David Poisson, 35 ans, médaillé de bronze de descente aux Championnats du monde de ski alpin 2013, est décédé lundi après une chute à l'entraînement dans la station canadienne de Nakiska, a annoncé la Fédération française de ski (FFS). "Dévastés par cette nouvelle", le président de la FFS Michel Vion, le directeur technique national Fabien Saguez et l'ensemble de l'encadrement sportif et du personnel administratif de la Fédération, "s'associent à la douleur de ses proches dans ces moments particulièrement difficiles", indique le communiqué de la Fédération. La FFS ne donne pas plus de détails sur les circonstances du décès. Ce décès tragique intervient 16 ans après celui de Régine Cavagnoud, décédée de graves lésions cérébrales à la suite d'une collision à l'entraînement. Championne du monde de super-G huit mois plus tôt, la skieuse du Grand-Bornand (Haute-Savoie) avait heurté un entraîneur lors d'une séance d'entraînement sur un glacier autrichien le 29 octobre 2001. La jeune femme était morte deux jours plus tard.

"Dur comme un roc, c'était un mec formidable": la voix cassée par l'émotion, Christian Frison-Roche, ex-directeur course de l'équipementier Salomon, se souvient du skieur de Peisey-Vallandry, fidèle à la marque depuis son adolescence. Effectivement, "Caillou", son surnom dans le groupe de l'équipe de France de vitesse, était jovial, souriant. Petit gabarit, il "envoyait" dans les pentes extrêmes. Son seul podium en Coupe du monde avait été signé sur la difficile piste Deborah Compagnoni à Santa Caterina Valfurva, en Italie (3e le 29 décembre 2015). Il avait aussi échoué au pied du podium -quatrième- sur les deux monuments du circuit, la Stelvio tout en verglas et dévers de Bormio (29 décembre 2009) et la mythique Streif de Kitzbühel (26 janvier 2013).

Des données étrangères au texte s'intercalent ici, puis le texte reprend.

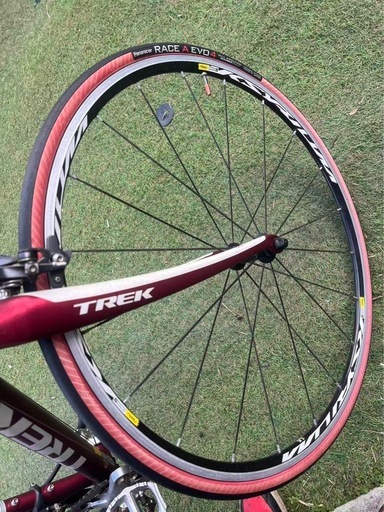 TREKロードバイク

Souci constant de la sécurité

Père d'une petit garçon, le Savoyard avait aussi la modestie et la simplicité de ces hommes de la montagne, confrontés au danger permanent mais qui ne surjouent pas. Quand on lui demandait s'il ressentait parfois la boule au ventre, voire s'il éprouvait la peur, avant de dévaler des pistes avec des pointes à plus de 140 km/h, avec pour seul viatique deux planches et un casque, il souriait. Puis il s'asseyait, croisait ses bras de costaud et expliquait posément que c'était sa passion, son métier. Enfin, presque de l'ordinaire.


La mort accidentelle du skieur de Peisey-Vallandry (Savoie) rappelle les dangers encourus par ces fous descendant, même si la sécurité sur les pistes a été améliorée lors des deux dernières décennies, souci constant des organisateurs et de la Fédération internationale de ski (FIS). David Poisson et ses partenaires du groupe vitesse de l'équipe de France se préparaient depuis quelques jours à Nakiska en vue des épreuves de vitesse (descente et super-G) de Lake Louise (Canada), comptant pour la Coupe du monde et programmées les 25 et 26 novembre.